The telltale gravitational signature of supermassive black holes merging has been detected by astronomers for the first time.
Originally proposed by Albert Einstein as a consequence of his General Theory of Relativity, gravitational waves are ripples in the fabric of space-time that carry energy across the universe.
After years of struggling to pick up direct evidence of the phenomenon, a team of researchers at the Advanced Laser Interferometer Gravitational-Wave Observatory (LIGO) finally succeeded in detecting gravitational waves for the first time back in February 2016.
So impressive was this feat that the team behind the breakthrough, Rainer Weiss, Barry Barish and Kip Thorne, earned themselves a Nobel Prize in physics the following year.

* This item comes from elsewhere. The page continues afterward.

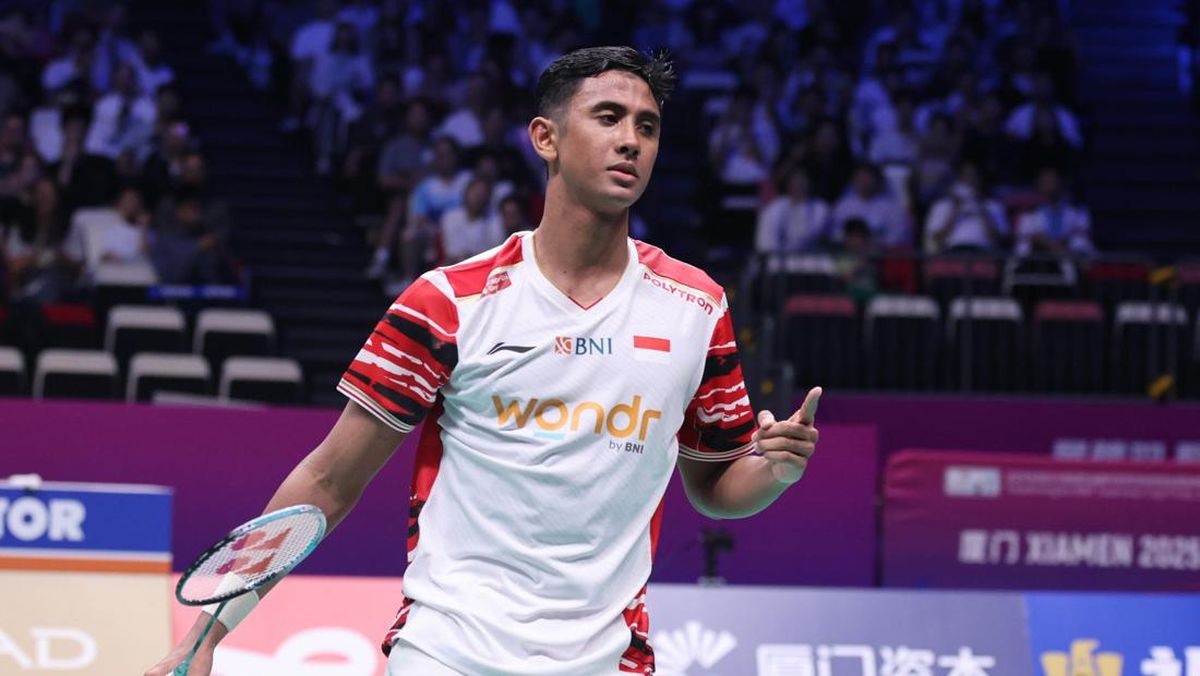 Alwi Farhan Naik Drastis! Intip Ranking BWF Terbarunya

Now, more than seven years later, astronomers have revealed that, for the first time, they have succeeded in picking up the low-frequency ripples in the fabric of spacetime indicative of supermassive black holes merging together somewhere out in deep space.
Weighing in at several billion times the mass of the Sun, supermassive black holes are typically found at the center of galaxies and are a phenomenon that remain shrouded in mystery.
By picking up their gravitational waves, physicists hope to learn more about them.
“The results presented today mark the beginning of a new journey into the universe to unveil some of its unsolved mysteries,” said Dr Michael Keith of the Jodrell Bank Center for Astrophysics.
“We are incredibly excited that after decades of work by hundreds of astronomers and physicists around the world, we are finally seeing the signature of gravitational waves from the distant universe.”